Your goal –
An exact transcription of all the data is required; the pictures are to be left out.

Supplied data –
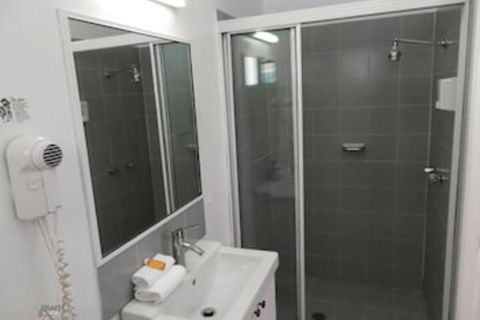 Ocean Shores Motel - Geraldton Accommodation 4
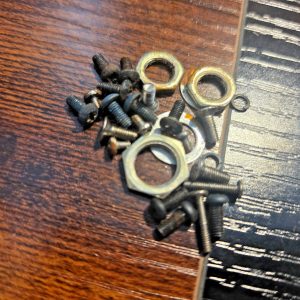 SET OF SCREWS FOR ROSS (NO MODEL #) MOBILE CB RADIO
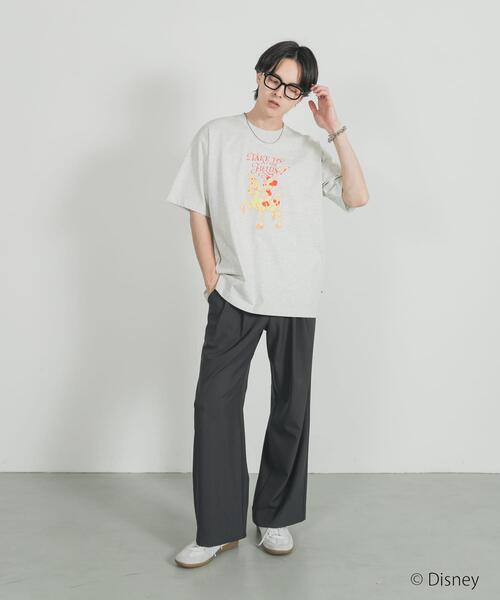 SENSE OF PLACE by URBAN RESEARCH(センスオブプレイスバイアーバンリサーチ)の「別注/Disney/グラフィックTシャツA(Tシャツ/カットソー・メンズ・ライトグレー/ライトブルー/ブラウン・MEDIUM/LARGE)」の6枚目の写真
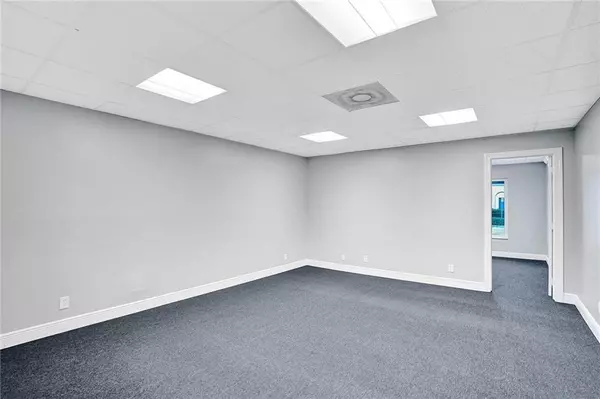 Pompano Beach, FL 33060,1591 E Atlantic Blvd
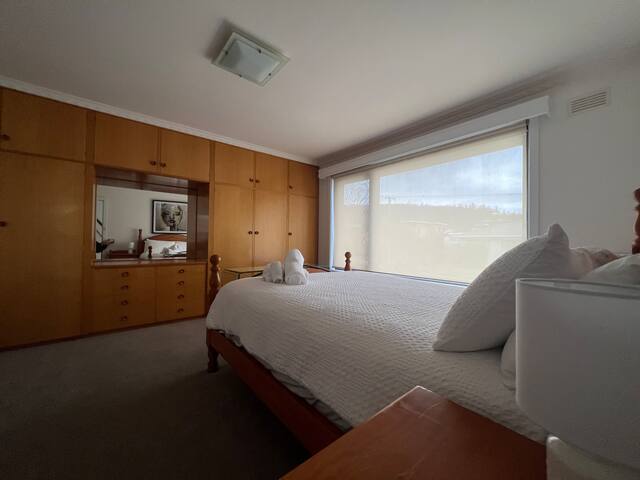 Modern light filled home gallery image 3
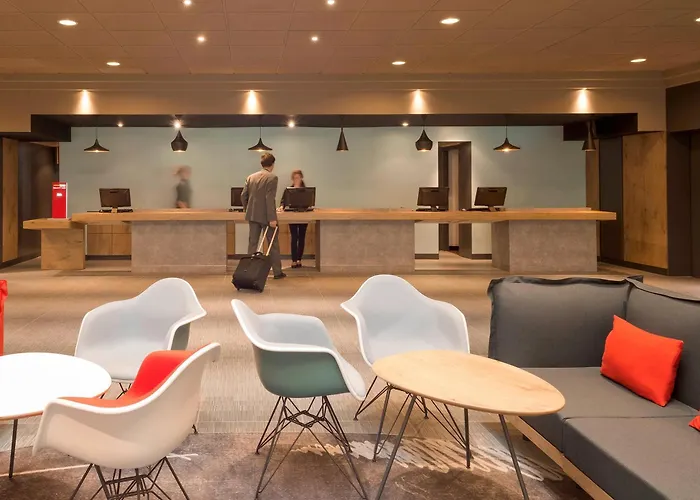 Ibis Centro Hotel 3*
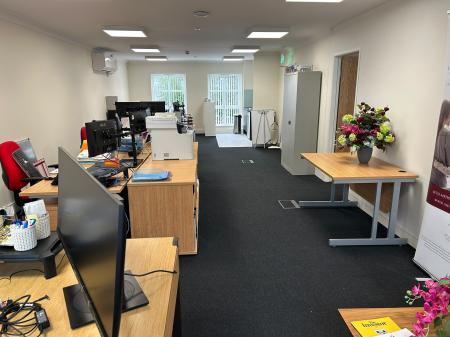 1 bedroom Office to let in High Street, Tonbridge, TN9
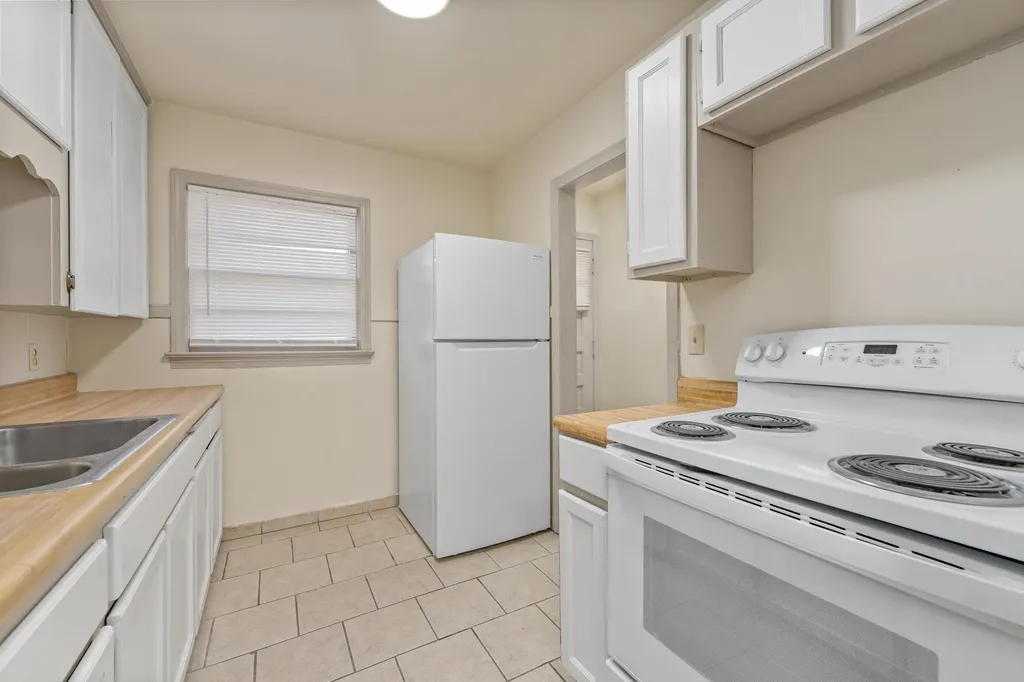 6124 E Harry Street Wichita KS 67218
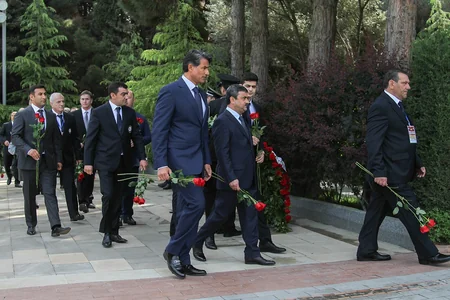 Beynəlxalq Cüdo Federasiyası rəsmiləri ümummilli lider Heydər Əliyevin məzarını ziyarət ediblər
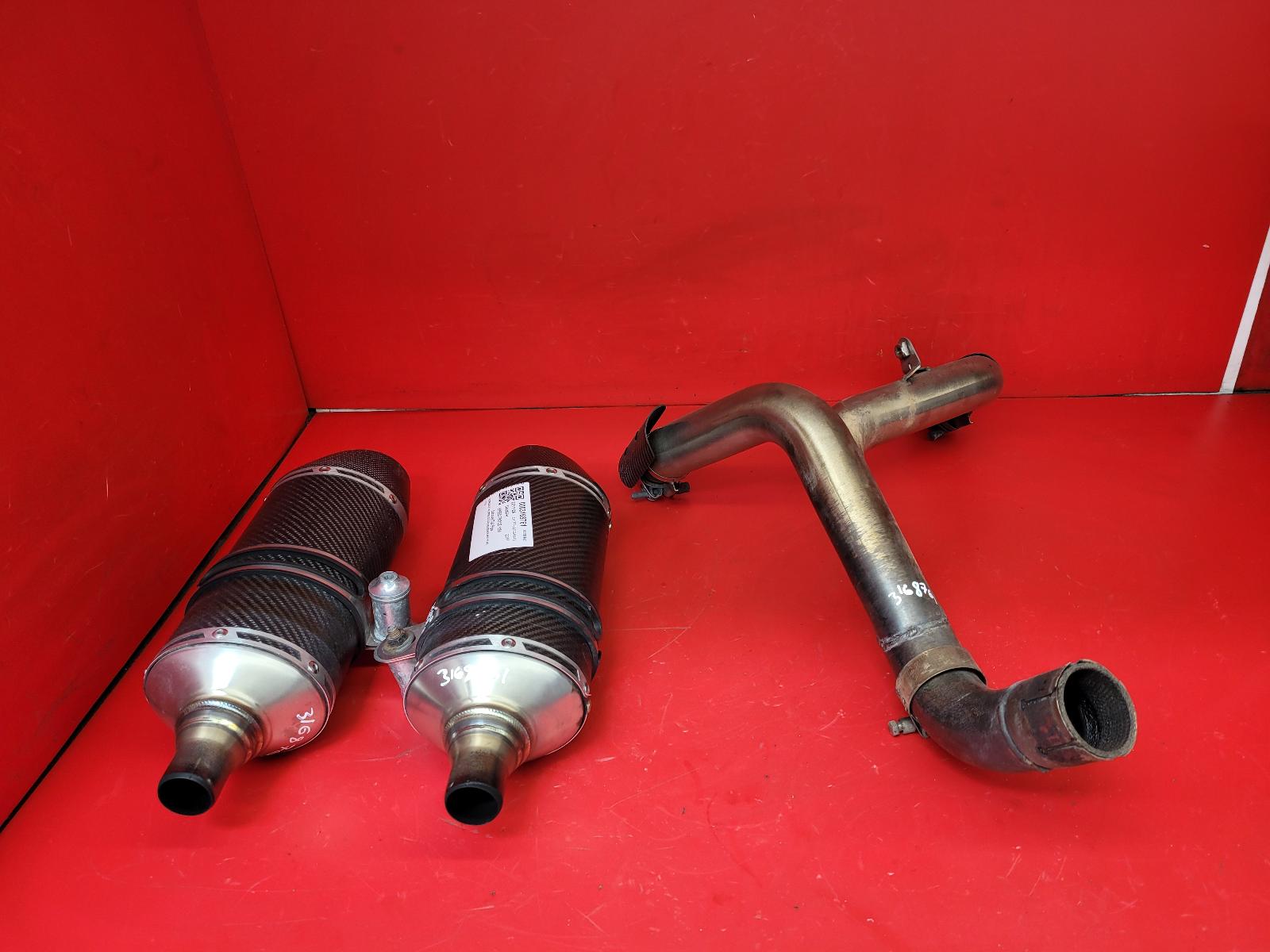 View Auto part Exhaust Tail Pipe Triumph Speed Triple 1050 2011
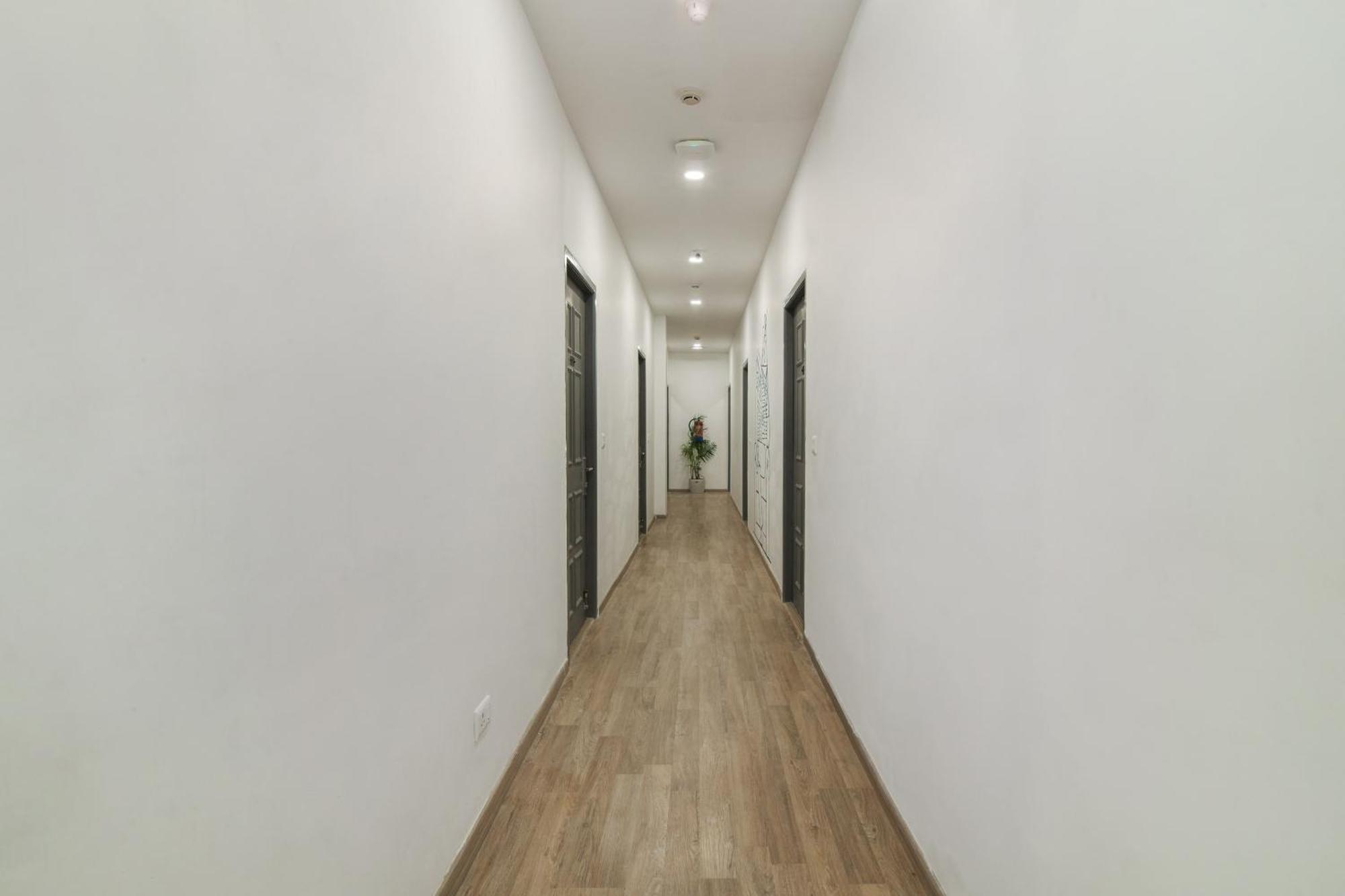 Super Townhouse Xotel Chennai Extérieur photo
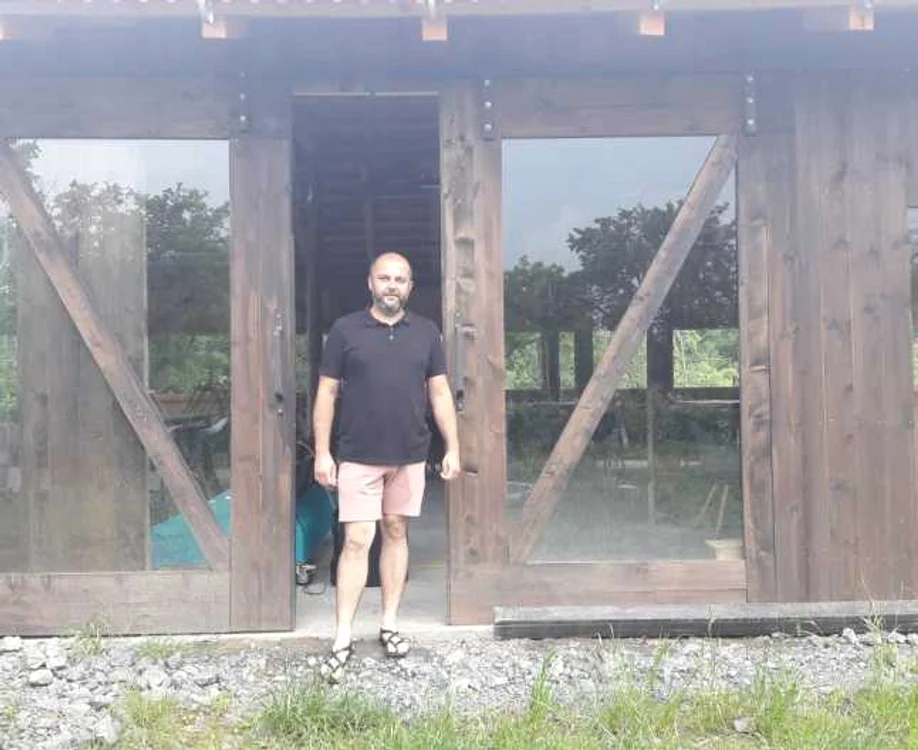 Transformarea unei şure de peste o sută de ani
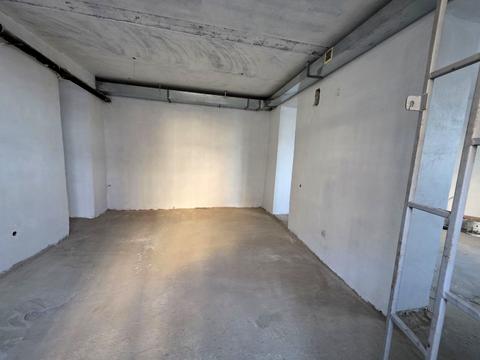 комерційна за адресою Плугова вул., 6а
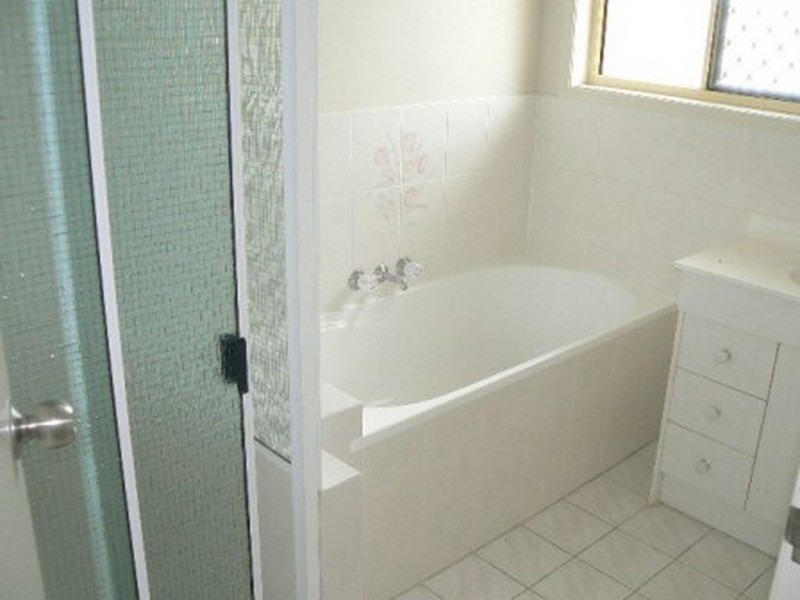 50 Aimee Drive, Urangan QLD 4655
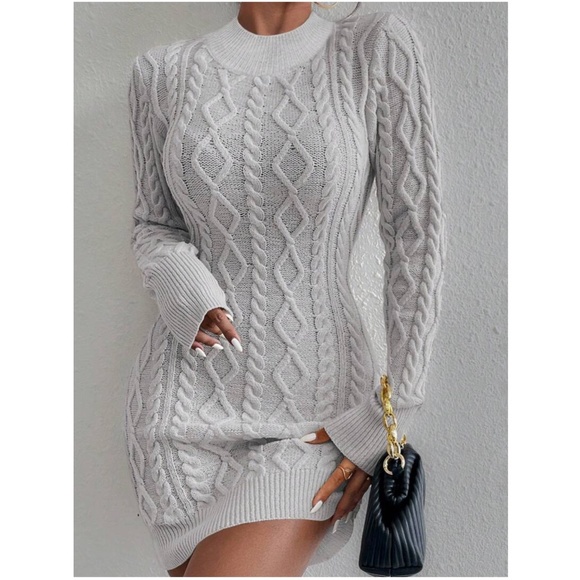 Luxe Chunky Knit Open Back Sweater Dress - Picture 13 of 15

Written answer –
 Ocean Shores Motel - Geraldton Accommodation 4
 SET OF SCREWS FOR ROSS (NO MODEL #) MOBILE CB RADIO
 SENSE OF PLACE by URBAN RESEARCH(センスオブプレイスバイアーバンリサーチ)の「別注/Disney/グラフィックTシャツA(Tシャツ/カットソー・メンズ・ライトグレー/ライトブルー/ブラウン・MEDIUM/LARGE)」の6枚目の写真
 Pompano Beach, FL 33060,1591 E Atlantic Blvd
 Modern light filled home gallery image 3
 Ibis Centro Hotel 3*
 1 bedroom Office to let in High Street, Tonbridge, TN9
 6124 E Harry Street Wichita KS 67218
 Beynəlxalq Cüdo Federasiyası rəsmiləri ümummilli lider Heydər Əliyevin məzarını ziyarət ediblər
 View Auto part Exhaust Tail Pipe Triumph Speed Triple 1050 2011
 Super Townhouse Xotel Chennai Extérieur photo
 Transformarea unei şure de peste o sută de ani
 комерційна за адресою Плугова вул., 6а
 50 Aimee Drive, Urangan QLD 4655
 Luxe Chunky Knit Open Back Sweater Dress - Picture 13 of 15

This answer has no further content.